Sunday, April 26, 2009

Late April Colour

There is no better shrub in any garden in late April than the Pieris. Our star specimen is a 15 foot tall Pieris forestii which will not be at its best for another week - so I've left this treat for your pleasure next weekend. This one is one of the dozens of new varieties that litter garden centres today. We grow a few of them, and keep the best, and this is the best. Its offers really nice variegation even when the bracts are not showing colour. A Pieris does like a good rich soil - even if it will survive almost anywhere. The little yellow plant in the background is a dwarf doronicum.

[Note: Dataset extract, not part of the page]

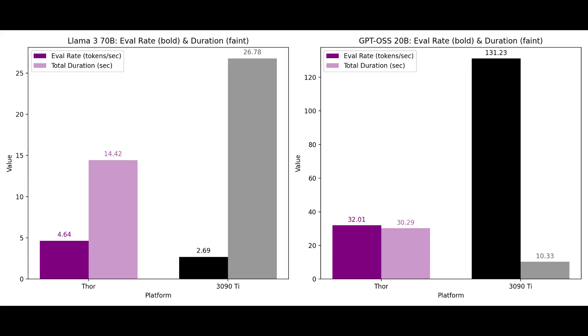Right now we have our chart that's summarizing the results of the test between the GPT OSS 20B model and the LAMA 70B model with the 3090 Ti and the Jetson AGX Thor. So let's quickly break down the numbers starting with the GPT OSS 20B parameter model.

We grow several rhododendrons. One was featured on this blog last weekend, and there will be another next weekend. This variety is not particularly striking as a shrub, but it does carry brilliant individual blooms. Its still a young plant, but so far the downside is that there are not many blooms. Perhaps it will improve with age. But this one bloom has made it worth growing in my book.

And my third offering today is one of the Azaleas. We grow the deciduous varieties mostly, but I'm really taken with this one, which I bought for a fiver in an end-of-season sale. We've been around the Derwen Garden Centre today, and there were some super examples of this type of Azalea. Didn't buy because they were not showing full colour yet, and I want to know exactly what colour I'm buying.